Photo by Microsoft Copilot on Unsplash

The Day Claude Forgot Its Own Instructions

Last month, I fed a leading language model a 50,000-token document about quantum computing, asked it to summarize the key findings, and then posed a follow-up question about something mentioned in the opening paragraph. The model confidently told me that concept wasn't discussed anywhere in the document. It wasn't hallucinating—it simply couldn't see information that was technically within its context window but had been psychologically "forgotten" by the attention mechanism.

This isn't a rare glitch. It's a systematic problem that nobody talks about, and it's costing companies millions in productivity losses.

Understanding Context Windows and Attention Decay

Modern language models work with something called a "context window"—basically, the amount of text the model can theoretically see at once. GPT-4 can handle 128,000 tokens. Claude 3 pushes toward 200,000. Gemini advertises a 1 million token window. Numbers that sound impressive until you actually try to use them.

The problem isn't capacity. The problem is attention.

Transformer models—the architecture behind ChatGPT, Claude, and most modern AI systems—use something called the attention mechanism. Picture it like this: when processing a sentence, the model looks at each word and calculates which other words are most important to understanding it. This happens in "layers," with each layer refining the relationships and importance scores.

But here's where it breaks down: as context gets longer, the attention mechanism gets noisier. Research from University of California and other institutions has shown that language models exhibit what researchers call "lost in the middle" syndrome—information in the middle of long documents receives dramatically less attention than information at the beginning or end. A document with 10,000 tokens?

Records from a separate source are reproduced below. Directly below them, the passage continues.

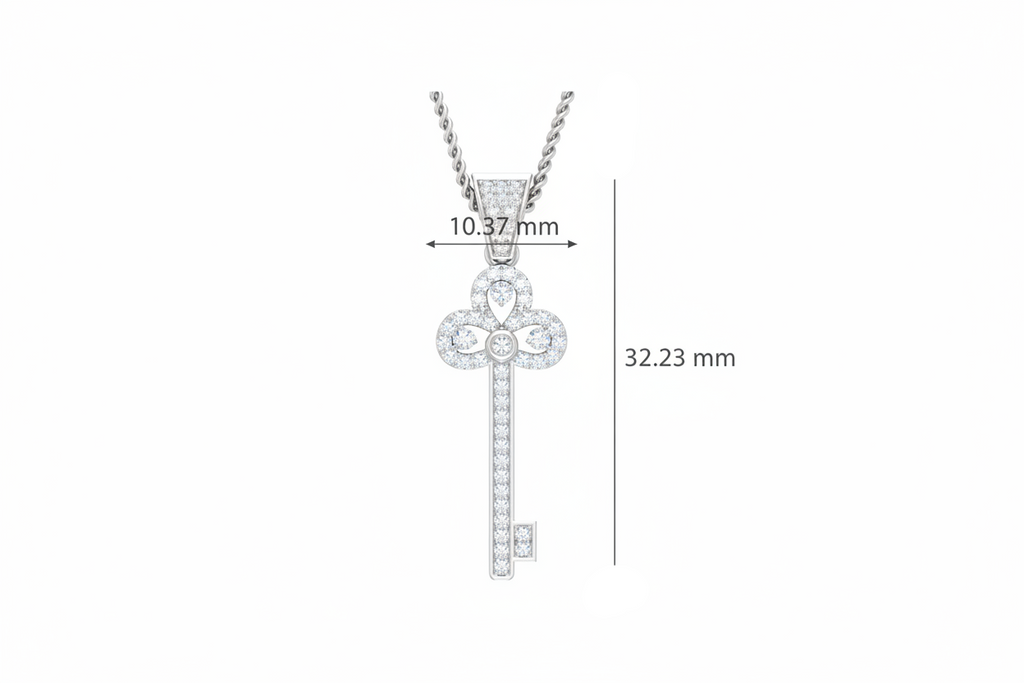 Classic Lucky Clover Key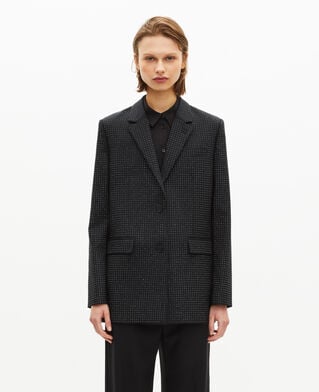 The Kooples WOMEN BLACK black rhinestone jacket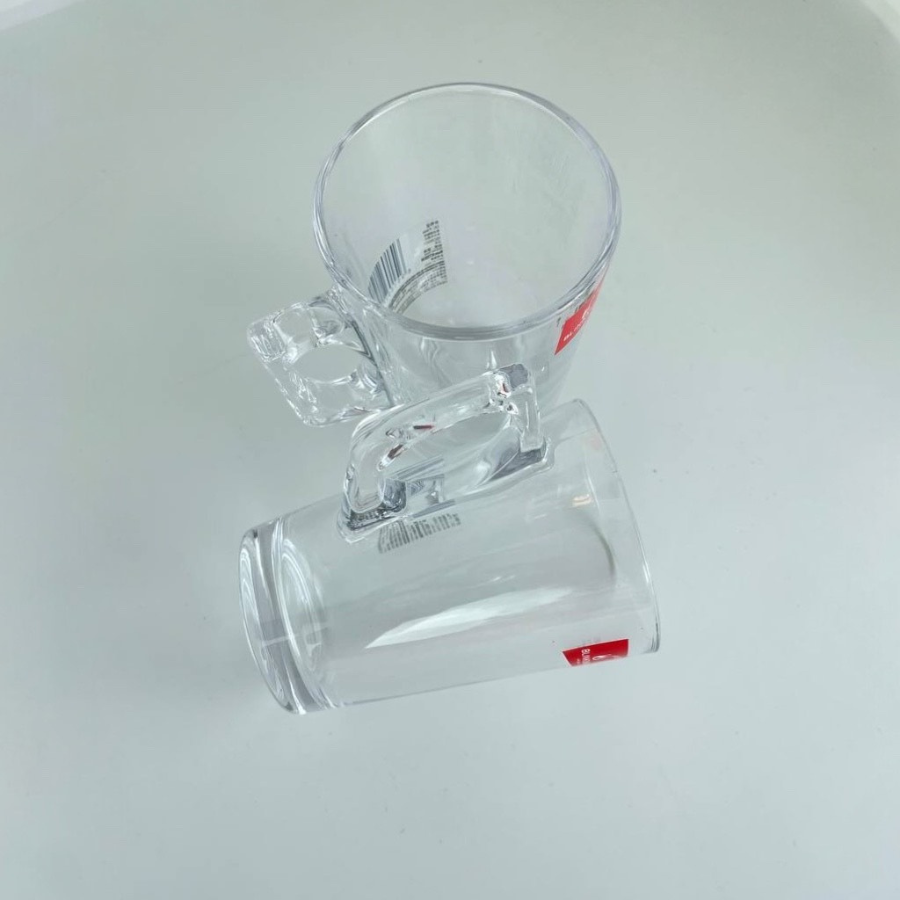 Blinkmax Glass Cup Set Of 6 With Minimalist Design – Durable And Sleek 130ml Capacity For Tea And Espresso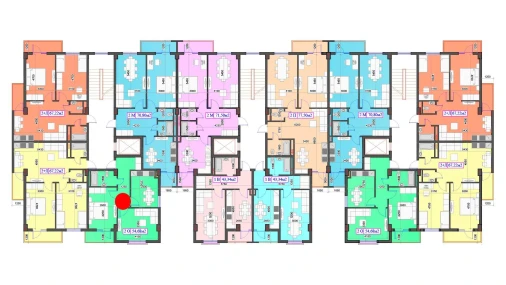 2-xonali xonadon 54.68 m²  7/7 qavat | O'ZBEGIM Turar-joy majmuasi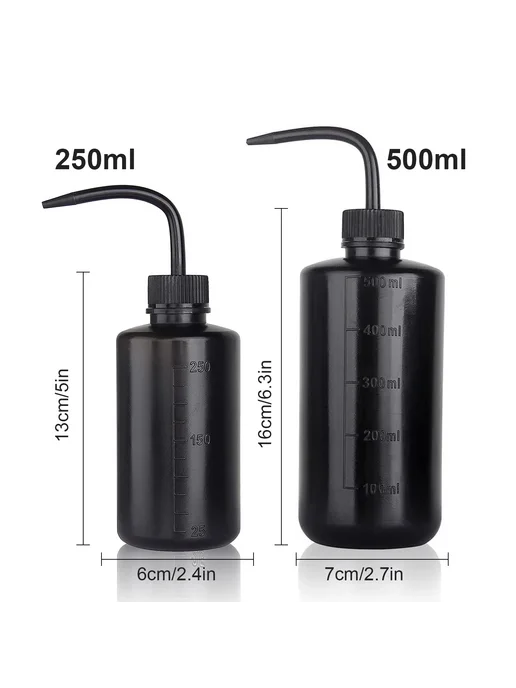 MAMBA TATTOO Бутылка-спрей для тату 250 500 мл WHITE 250ML, 500 мл, 250 мл, фото 7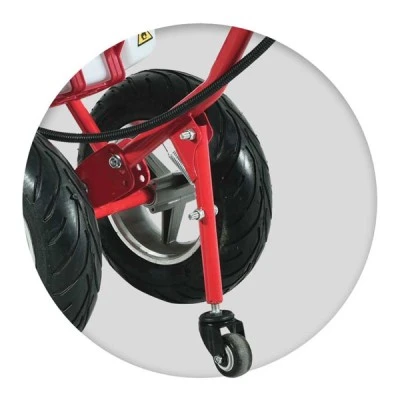 Θαμνοκοπτικό βενζίνης MIYAKE XL 22 δίχρονο 2,00Hp 7000Rpm με σπαστό τιμόνι και τροχούς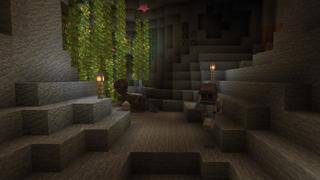 Screenshot of the Minecraft Bedrock Marketplace product Golem Island created by Yeggs.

The model might miss 30-40% of the critical information in the middle sections, even though it technically "sees" the whole thing.

One study showed that when documents exceed 4,000 tokens, retrieval accuracy for facts in the middle of the document drops to less than 60%. By 8,000 tokens, it's worse than random chance for some information types.

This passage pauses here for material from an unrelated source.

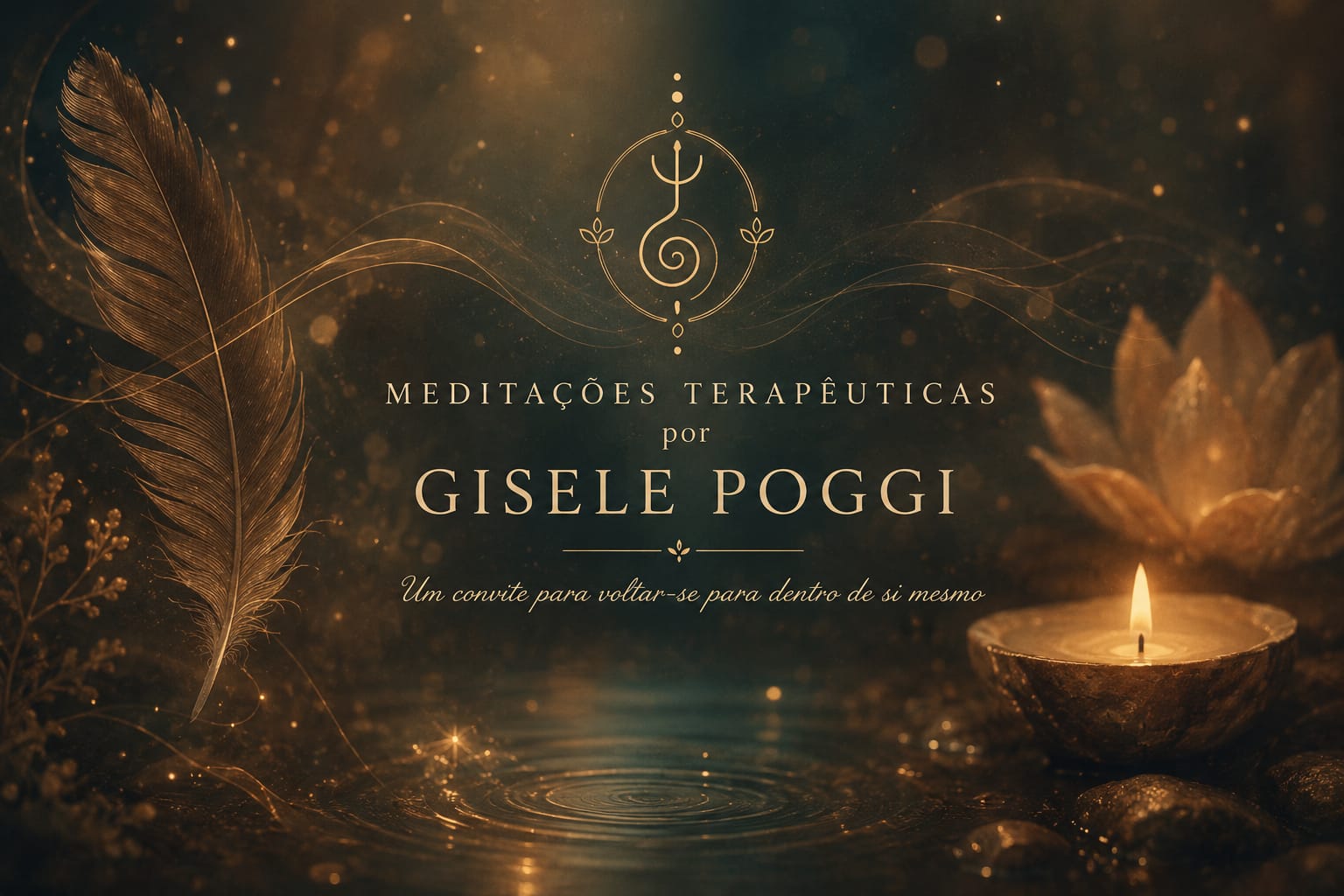 Meditações terapêuticas por Gisele Poggi — um convite para voltar-se para dentro de si mesmo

Why This Matters More Than You Think

Enterprise teams are discovering this the hard way. A legal firm loads an 80,000-word contract into their AI assistant, asks it to identify all liability clauses, and the model misses three critical sections. A research team asks Claude to analyze a 200-page paper and synthesize contradictory findings in the middle sections—it fails to notice the contradictions exist. A customer service team uses AI to handle complex support tickets that reference previous conversations, and the AI forgets what happened two messages ago despite having the full thread.

Companies are throwing context window size at the problem like it's a solution. It isn't. More tokens just mean the model has more opportunities to get distracted.

The real issue? There's an inverse relationship between context window size and processing reliability. Larger windows let you include more information, but attention quality degrades logarithmically. You get to choose: narrow windows with higher accuracy, or wide windows with Swiss-cheese reliability.

What's Actually Happening Inside the Model

Let's get specific about the mechanics. In a transformer's attention layer, every token calculates an "attention score" with every other token in the context. With a 128,000 token window, that's over 16 billion attention calculations. The model learns to compress and prioritize, essentially asking "which tokens matter most for predicting the next token?"

Early in a document, everything matters equally, so attention spreads relatively even. By the middle, the model has seen enough pattern-matching to start ignoring "unimportant" stuff. By the end, there's heavy concentration on recent tokens and information the model has already identified as critical.

This isn't a bug in the traditional sense. It's an optimization that works brilliantly for predicting the next word in a novel. It's catastrophic for actually retrieving specific information from a knowledge base you've provided.

The semantic meaning gets preserved—the model "knows" the information is there—but the ability to *access* it degrades. When models can't access information reliably, they start hallucinating with confidence, which is arguably worse than simply saying "I don't know."

What Teams Should Actually Do Right Now

The interim solution isn't sexier than you'd hope: retrieval-augmented generation (RAG). Instead of dumping your entire document into the context window, you keep documents in a searchable database and pull only the relevant chunks into the model for each query. It's slower, less elegant, and dramatically more effective.

Companies like Anthropic are also experimenting with different attention mechanisms and training approaches, but these are still research projects. They won't fix the problem next quarter.

If you're building AI systems that need to work with long documents: don't max out your context window and assume the problem is solved. Implement proper retrieval mechanisms. Break documents into logical sections. Ask your model to self-reference sections rather than relying on it to hold everything in mind simultaneously.

The context window is not your safety net. It's a window of opportunity, and like most windows, what you can see through it depends heavily on how you angle the light.